By Karen Pierog - Analysis
CHICAGO (Reuters) - Smaller, shorter and slower will be the key factors governing U.S. public-private partnerships going forward after recent proposed deals imploded due to political or financing troubles.
Speakers at the Reuters Infrastructure Summit in New York this week said long-term lease deals involving publicly owned assets have hit a speed bump, but will rev up during the next 12 to 18 months, hopefully as an improving economy frees up cash for investments.
High-profile deals have stumbled, including Chicago’s $2.52 billion Midway Airport lease, due to the unavailability of financing. A $12.8 billion turnpike deal in Pennsylvania was defeated by political opposition.
But with states and local governments facing huge budget deficits and crumbling infrastructure, their need for a cash infusion will keep these so-called P3s percolating, although maybe not with such high-profile assets.
“Governments look at the experiences of Pennsylvania and some of the other areas where a lot of attention was attracted and say, ‘I don’t need to sell the most important asset in the state,'” said George Bilicic, chairman of Lazard’s power, utilities and infrastructure groups.
Instead governments should be looking at more modest assets, such as a lone toll bridge or parking garages, he added.
The downsizing of assets will also reduce the amount of money private operators will have to raise to come up with the upfront payment to a government.
Tom Osborne, a UBS managing director, said deals were more likely to total between $1 billion and $5 billion.
“You’re going to see a more incremental approach, both in the private and public sectors in order to prove out the concept that (privatizations) can be an essential tool,” he said.

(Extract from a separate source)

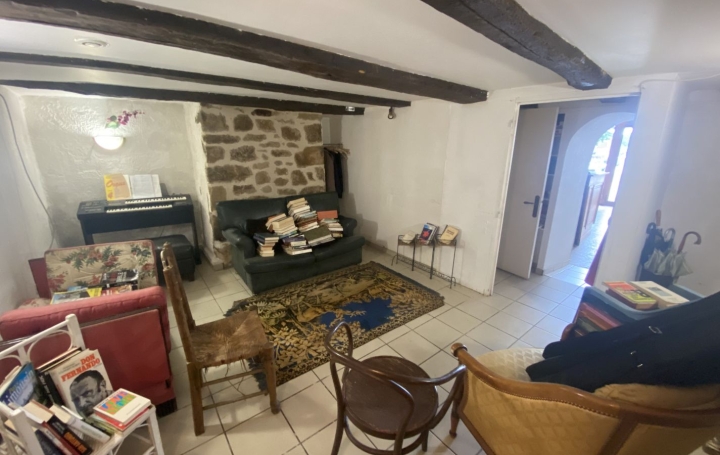Maison SAINT-MARTIN-LA-MEANNE (19320)  207 m2 91 800 €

Bilicic said while some consummated leases will last 99 years, durations going forward could be shorter, like 30 years with renewal available if performance standards were met by the private operator. That, he added, may be more palatable from a political standpoint.
Summit speakers also suggested that future privatizations may involve only part of an asset, allowing the government to retain some of the revenue stream. Or deals could be structured to give the government a share of revenue if the value of the asset grows above a certain point.
Meanwhile, public pension funds could be a growing source of financing for P3s as they look for ways to diversify beyond stocks and bonds.
“I believe that if enough state plans invest in infrastructure, that most of that money will find its way back into the U.S. economy.” said Mark Weisdorf, global chief investment officer of infrastructure investments at J.P. Morgan Asset Management.
One high-profile speaker played down the role of P3s, arguing the partnerships provide few advantages that publicly funded construction cannot accomplish on their own.
Felix Rohatyn, architect of the 1970s financial rescue of New York City and a former investment banker and diplomat, instead favors the creation of a National Infrastructure Bank, as a way to coordinate and finance projects, while weeding out wasteful spending.
I’ve never been sold on this idea of public-private partnerships, because I don’t see anything here that is unique to the project, so all of the things you’re looking at, you can get out of the private sector or out of the public sector,” Rohatyn told the Summit.
“One shouldn’t have the illusion that you can get miracles by these things,” he said.